クレジットカードが普及した現代社会、その背後に潜む恐ろしさを描く。
行方不明になった婚約者を探すことになったが、果たして誰なのか。
不安に襲われながらも、流れるようにページをめくらざるを得ない。
「大企業を動かすのは、コンピュータによる自動操縦装置がついたジャンボジェット機を飛ばすようなものだ。
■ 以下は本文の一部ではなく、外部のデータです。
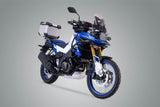 TRAX ADV top case system Silver. Suzuki V Strom 650 / 1000 / 1050. - SW - Motech UK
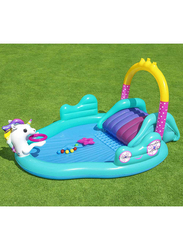 Bestway Magic Unicorn Carriage Play Pool Playcenter, Multicolour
だが、こんな零細以下の会社は、言ってみればロートルのプロペラ機だ。(中略)コンピュータはあてにできない。」
大企業と小さな企業、その違いは、経営者の一つの選択がもたらすことの大きさか。
小さな企業では、毎回の選択に潰れるか否かがかかっている。
そういう意味では、いい経営者というのは零細企業から生まれるのだろうか。
「この業界自体が、壮絶な自転車操業をしているからなんですよ。(中略)
最後にババを引くのが自分のところでなければいい」
恐ろしい。全くもって恐ろしい。
労働の対価ではなく、資本を増やすことだけに追い立てられてしまう金融業界。
金融は新しい目を見つけ育てることが本来の役目であるが、
利益ばかり追求すると、正反対の方向を向いてしまう。
そうなると、金融機関は株式会社でないほうがいいのではないだろうか。
非営利組織であることが本来の彼らの仕事をやりやすくするのでは。
「現在の東京は、人間が根をおろして生きることのできる土地ではなくなってしまっている。」
東京は地方から人が出てきて、そして地方に人が戻っていく。そんな土地だと感じる。
ずっと東京に住んでいる人もいるのだが、地方から集まってくる人のほうが多い。
大学生、新社会人など集まりやすいものではある。
しかし、そこで根を下ろす人は少ないのだろう。
大都市は便利ではある。ただ、何となく冷たい印象があるのは拭い切れない。
満員電車でイライラをぶつけあっている、そんな場所。
「情報を追っかけて、みんな浮かれてる」
僕は流行という言葉が嫌いだ。
流行は金を設けるために作られているもの。
今年の流行はー、となって情報誌がそれを持ち上げて、
新しい消費を無理やり作り出していく。
いつの間にか、自分で考え判断することをやめてしまい、
流行という情報に身を委ねてしまっている、そんな人が多い。
「子供のときから好きなことがあって、その好きなことに才能があって、そいで、そこに進むことに邪魔が入らなくってさ。
そういうの、いちばんの幸せじゃない」
子供の時の夢を叶えれること。
それって本当に難しいと思う。
自分自身の限界だけでなく、その他にもいろいろな制約が出てきて、
すべてがうまくいってようやく叶うのだ。
「他人のすることが、なんでもかんでも気に入らないっていう人が、世の中にはいるんだよ」
他人より少し恵まれていると、疎まれ足を掴んで引き釣り降ろされる。
そんな泥仕合をするのではなく、前を向くことが大事なんだ。